Loi de finances rectificative pour 2011 : question préalable -

Par / 21 juin 2011

Madame la présidente, monsieur le ministre, mes chers collègues, le Gouvernement nous présente un collectif budgétaire portant sur plusieurs centaines de millions d’euros d’abandon de recettes fiscales et prévoyant d’utiliser une recette exceptionnelle – le remboursement anticipé des constructeurs automobiles – pour apporter notre écot au plan « Grèce » de l’Union européenne...

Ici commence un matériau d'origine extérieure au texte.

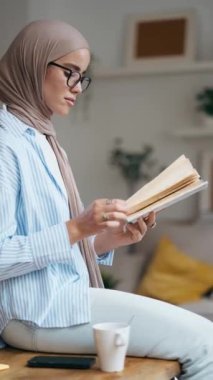 Evdeki oturma odasında kitap okuyan güzel bir genç kadının videosu.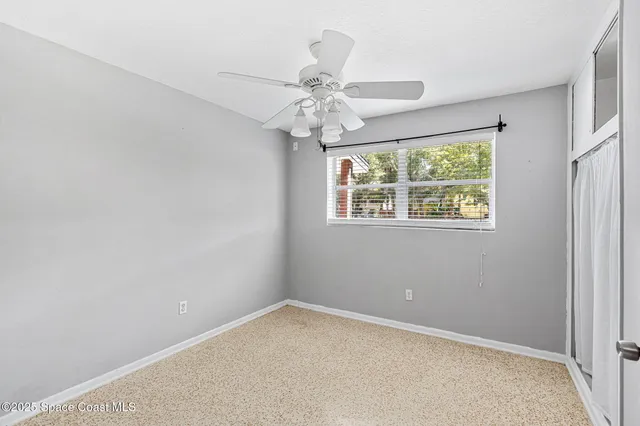 a view of a room that has a window in it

Ainsi, nous serions sortis de la crise, la France irait mieux et nous ne pourrions que nous en satisfaire. Toutefois, la réalité économique et sociale de notre pays semble montrer que nous pourrions faire un autre usage des ressources ainsi dégagées par la « croissance retrouvée »...

Je vous invite donc, mes chers collègues, par cette question préalable, à nous demander ensemble comment agir autrement avec ce que d’aucuns nous proposent d’utiliser afin d’alléger I’ISF – pour mieux le faire disparaître demain sans doute –, ou afin d’assurer le rendement des créances souveraines sur la Grèce, tout simplement parce que nous devons être attentifs à l’usage des deniers publics.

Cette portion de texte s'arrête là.